NYACS Welcomes Cuomo's Tobacco Force
Association to offer assistance in striking down black market tobacco trade
On Monday, New York Governor Andrew M. Cuomo announced the formation of a Cigarette Strike Force to stamp out the rampant black market tobacco trade, telling would-be traffickers that "they will be caught and they will be brought to justice." (Read the full story here)
With the Washington-based Tax Foundation recently releasing a report that suggests some 56.9% of New York's cigarettes came from illicit trade in 2012, it's no surprise that the state's retailers are applauding this crack down: Jim Calvin, president of the New York Association of Convenience Stores (NYACS), told Tobacco E-News "welcomes Governor Cuomo's announcement."
The Strike Force will rely on its members--which include a number of state, local and federal agencies--to combine resources to track down black market trade. Besides supporting this move, Calvin said that NYACS would love to offer its own resources.
"With tobacco retail and supplier members from Montauk to Massena to Niagara Falls, NYACS is well positioned to serve as extra eyes and ears to augment professional information gathering undertaken by the participating agencies," he said.
Further demonstrating the state's commitment to combatting the cigarette black market, Attorney General Eric Schneiderman's office filed a $70 million lawsuit against Federal Express Corp. for shipping some 80 million illegal cigarettes to consumers in New York, joining a December complaint filed by New York City.
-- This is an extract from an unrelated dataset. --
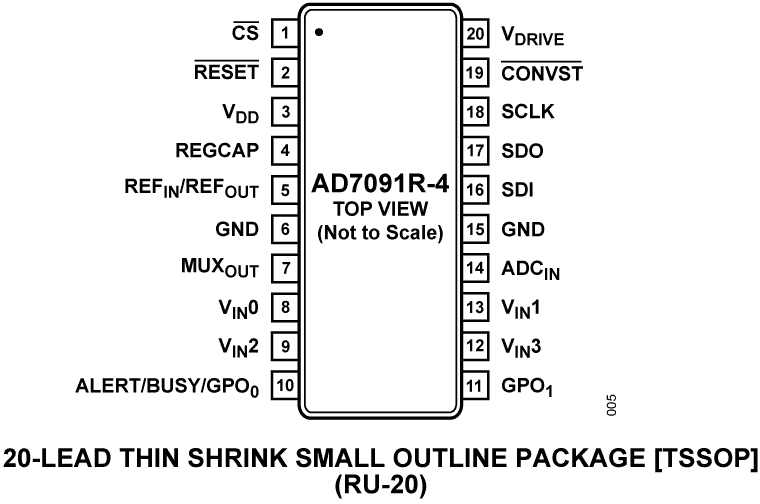 AD7091R-4 product image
The lawsuit alleges that FedEx made approximately 33,000 shipments of illegal cigarettes into New York between 2006 and 2012, costing the state $10 million in lost tax revenue – feasibly costing New York retailers even more in lost sales.
"Whether cigarette tax evasion is occurring on a street corner, inside a retail store, out of the back of a truck, or in a remote warehouse, we want it stopped," said Calvin. "It's draining hundreds of millions of dollars in business away from licensed, law-abiding wholesalers and retailers; it's depriving taxpayers of untold millions in tax revenue to fund vital public services; and it's defeating public health policies designed to curb tobacco use."